Today we celebrate poet, songwriter, singer, and activist Oscar Brown, Jr. Brown was born in 1926 in Chicago, where he grew up. His father was a successful attorney and real estate broker. He had his first singing gig on the radio at age 15; after dropping out of college, he began working as a journalist (including work on the Negro News Front) and dabbling in songwriting. When Mahalia Jackson recorded one of his songs, he began focusing on this career. In the mid-50s he got his next break, working on the black freedom project We Insist – Freedom Now! with Max Roach. He was then signed to Columbia records where he recorded for over a decade, working with other pioneers like Quincy Jones.
Brown wrote the musical Kicks and Co., set on an historically black college campus in the South, dealing with desegregation.
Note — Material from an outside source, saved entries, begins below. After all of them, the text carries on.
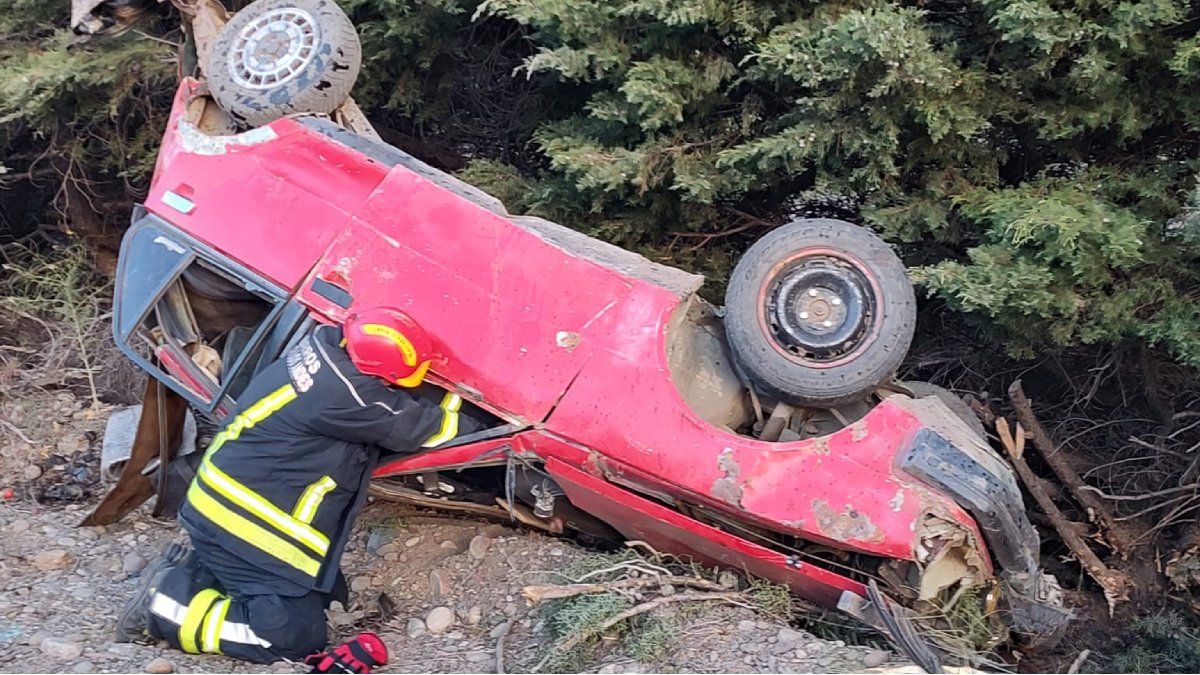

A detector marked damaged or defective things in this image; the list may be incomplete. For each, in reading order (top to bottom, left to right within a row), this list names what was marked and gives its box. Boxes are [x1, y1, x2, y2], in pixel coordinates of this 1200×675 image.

exposed tire [205, 0, 360, 127]
overturned red car [101, 0, 1072, 660]
exposed tire [720, 219, 920, 406]
exposed tire [900, 380, 984, 438]
broken branches [988, 418, 1128, 612]
broken branches [1008, 382, 1128, 556]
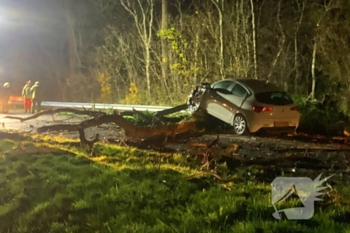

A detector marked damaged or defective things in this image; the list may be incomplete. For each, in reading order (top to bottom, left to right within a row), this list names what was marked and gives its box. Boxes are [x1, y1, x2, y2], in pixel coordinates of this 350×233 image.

crashed silver car [186, 78, 300, 135]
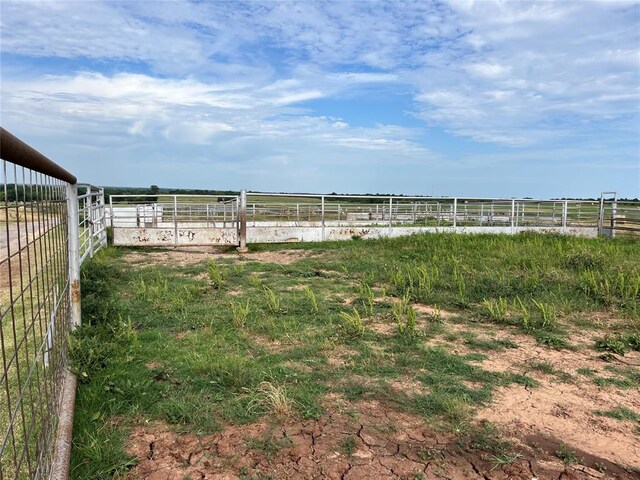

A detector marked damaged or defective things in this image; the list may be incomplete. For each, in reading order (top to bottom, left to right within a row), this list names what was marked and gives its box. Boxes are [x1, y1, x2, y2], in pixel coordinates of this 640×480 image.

rusty pipe [0, 127, 77, 184]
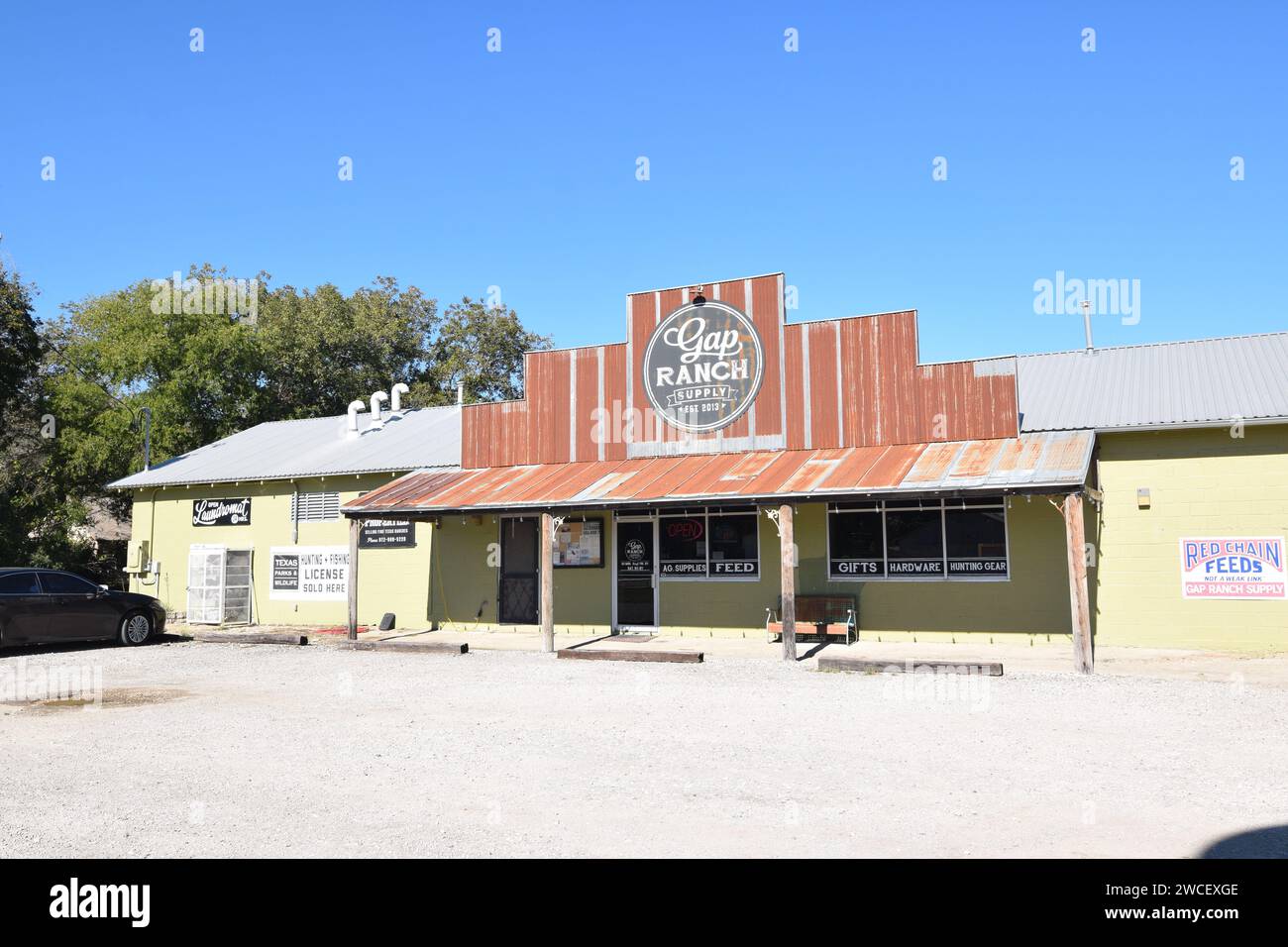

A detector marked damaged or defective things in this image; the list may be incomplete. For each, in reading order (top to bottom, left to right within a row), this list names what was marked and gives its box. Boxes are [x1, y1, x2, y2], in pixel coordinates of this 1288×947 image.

rusty metal roof [341, 432, 1086, 519]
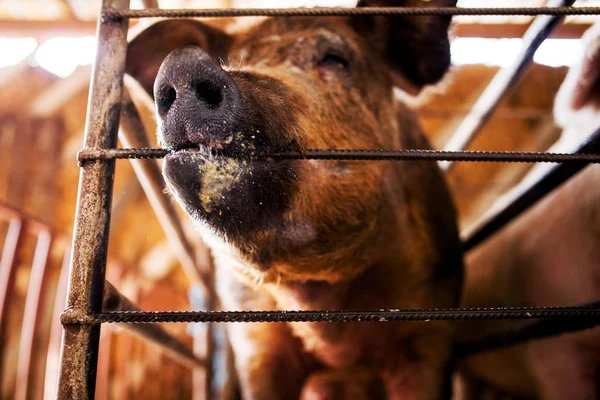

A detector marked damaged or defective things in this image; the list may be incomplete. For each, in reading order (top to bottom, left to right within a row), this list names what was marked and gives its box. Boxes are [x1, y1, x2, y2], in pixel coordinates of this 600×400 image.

rusty metal bar [440, 0, 576, 171]
rust on bar [440, 0, 576, 171]
rusty metal bar [56, 0, 130, 396]
rust on bar [56, 0, 130, 396]
rust on bar [118, 86, 210, 290]
rusty metal bar [119, 87, 209, 292]
rust on bar [0, 217, 25, 380]
rusty metal bar [0, 219, 25, 384]
rusty metal bar [15, 230, 53, 400]
rust on bar [15, 230, 54, 400]
rusty metal bar [43, 248, 71, 398]
rusty metal bar [99, 282, 207, 368]
rust on bar [101, 282, 206, 368]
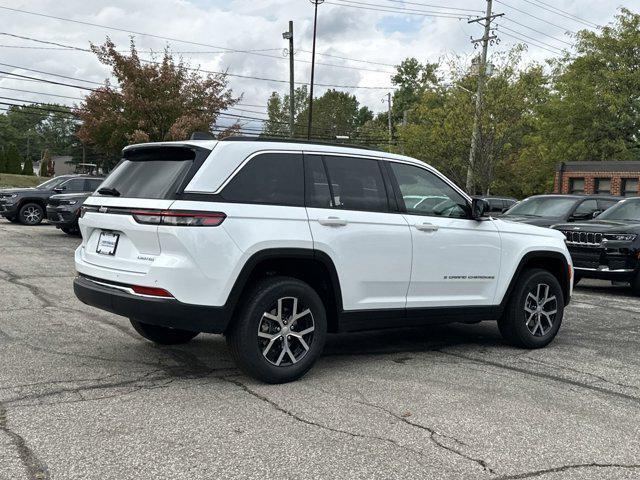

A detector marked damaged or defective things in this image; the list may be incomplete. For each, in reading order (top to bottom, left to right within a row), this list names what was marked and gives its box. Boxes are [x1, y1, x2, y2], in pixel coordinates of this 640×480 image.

crack in asphalt [440, 350, 640, 404]
crack in asphalt [0, 404, 50, 478]
crack in asphalt [222, 376, 438, 468]
crack in asphalt [350, 398, 496, 472]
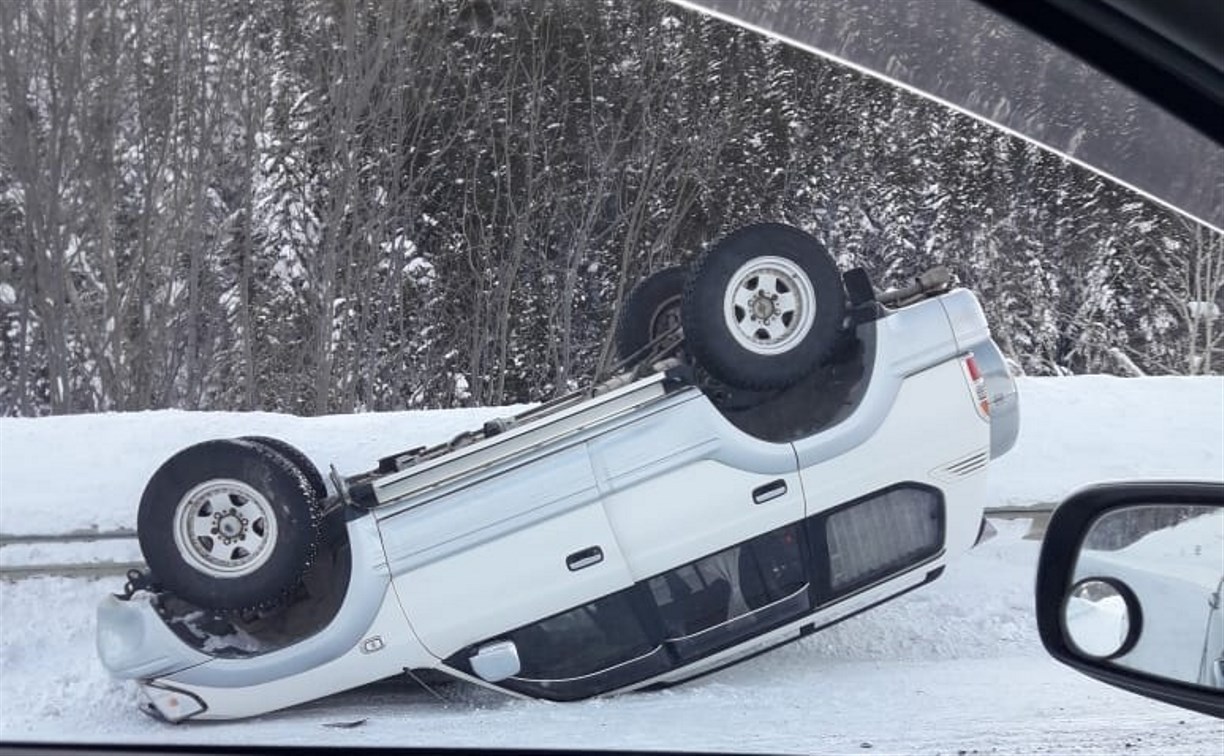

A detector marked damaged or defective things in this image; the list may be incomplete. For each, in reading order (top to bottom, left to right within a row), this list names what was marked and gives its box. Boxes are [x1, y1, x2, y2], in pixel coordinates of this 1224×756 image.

The Today show gave him an entire show to present the musical to raise funds for its production. Sadly, funding was insufficient and the show was never mounted. He wrote and produced an other socially conscious musical, Joy, in 1966.
His songs range from standard (but marvelous) love songs like Rags and Old Iron to freedom songs like Afro Blue to soul hits like The Snake (sung by Al Wilson in 1968). Perhaps his best-known song is Work Song, covered by artists ranging from Bobby Darin to Nina Simone (who recorded over a dozen of Brown’s compositions).
I commited crime Lord of needing
Crime of being hungry and poor
I left the grocery store man breathing
When they caught me robbing his store
Hold it steady right there while I hit it
Well reckon that ought to get it
Been working and working
but I still got so terribly far to go
Late in his life, Brown founded the Oscar Brown, Jr. HIP (Human Improvement Potential) Legacy Foundation to ensure that his humanitarian interests would carry on after his death. Two years before his death in 2005, he recorded this fascinating interview for Topically Yours. Let us celebrate this hard-working entertainer and activist today.